HaS Text Model: On-Device Privacy Pipeline
The HaS (Hide and Seek) Text Model by xuanwulab is a 0.6 billion parameter, full-precision (FP16) model designed for on-device data privacy. Unlike traditional anonymization methods that rely on simple pattern matching, HaS offers an "Agentic privacy pipeline" with composable atomic capabilities to address multi-turn consistency, reversible restoration, and post-anonymization data usability.
Key Capabilities
- 3-Level Semantic Tags: Anonymizes data with structured tags like
<Amount[1].ContractAmount.NumberSymbol> instead of generic [REDACTED], preserving data usability for downstream LLMs. - Coreference Resolution: Unifies different forms of the same entity (e.g., "CloudGenius Inc.", "CloudGenius") under a single ID, ensuring logical coherence across text.
- Multi-turn Consistency: Maintains consistent entity IDs across turns and document chunks using historical mapping dictionaries, crucial for long documents and conversations.
- Reversible Restoration: Allows anonymized text to be processed by cloud LLMs, with the ability to restore original values using the "Seek" capability.
- Open-set Entity Types: Trained on approximately 70,000 entity types, enabling users to specify any type name without predefined category limitations.
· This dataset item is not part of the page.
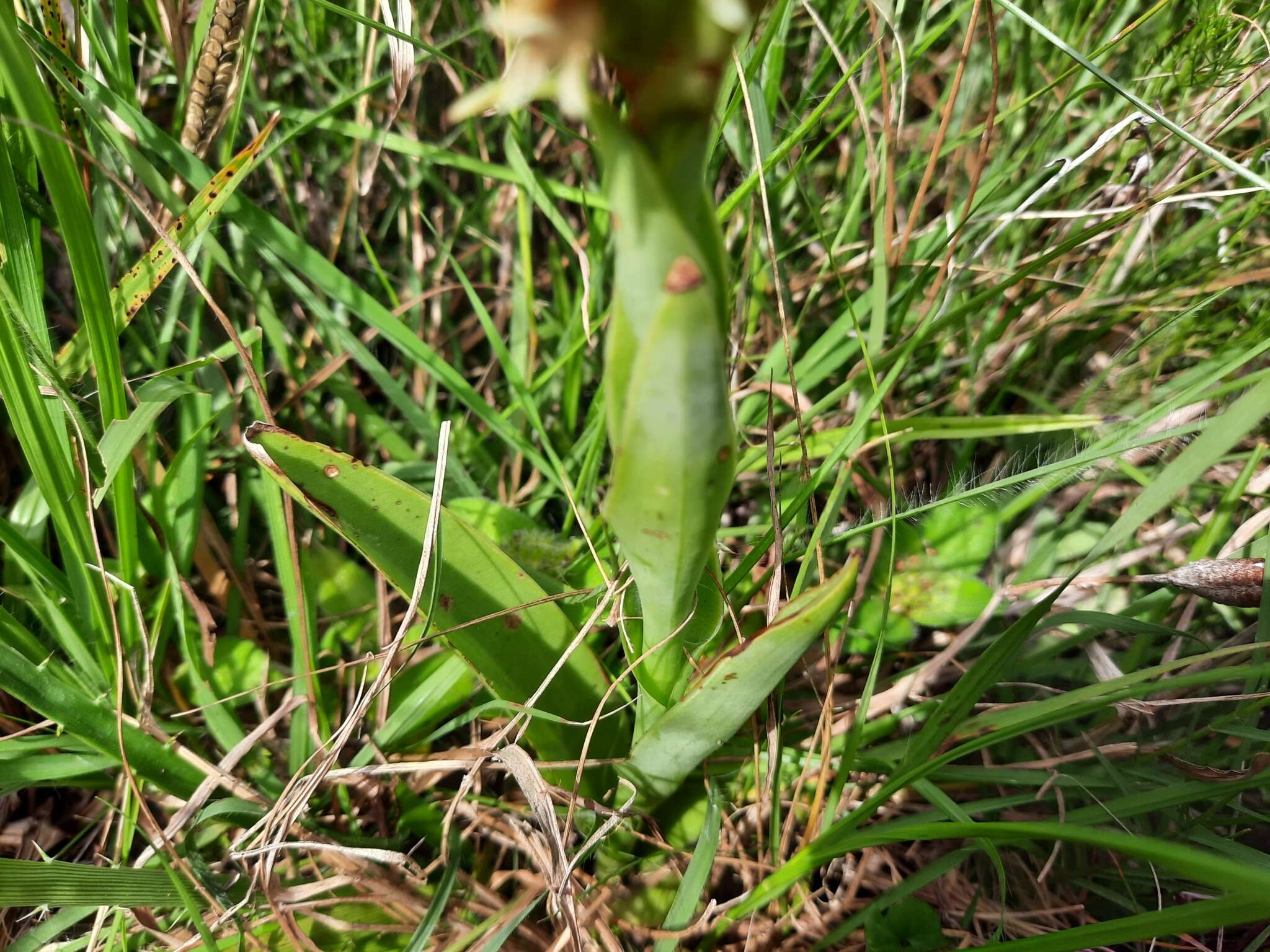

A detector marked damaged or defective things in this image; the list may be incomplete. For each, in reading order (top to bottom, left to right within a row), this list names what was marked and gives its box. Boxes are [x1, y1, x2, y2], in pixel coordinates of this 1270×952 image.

rust fungal spot [665, 255, 704, 293]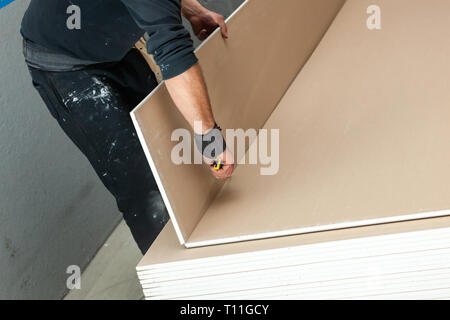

- On-Device & Multilingual: Operates locally, ensuring data never leaves the device, and supports 8 languages: Chinese, English, Portuguese, French, Spanish, German, Korean, Japanese.
Good For
- Secure Data Sharing: Automatically anonymize files, emails, or code before sharing, with the option to restore original content.
- Privacy Knowledge Bases: Anonymize documents before ingestion into knowledge bases and restore query results on demand.
- Secure Cloud Interactions: Anonymize text before sending to cloud-based LLMs and restore LLM responses for privacy-preserving workflows.
- AI Agent Memory Privacy: Store long-term agent memory in an anonymized format, restoring it only when needed.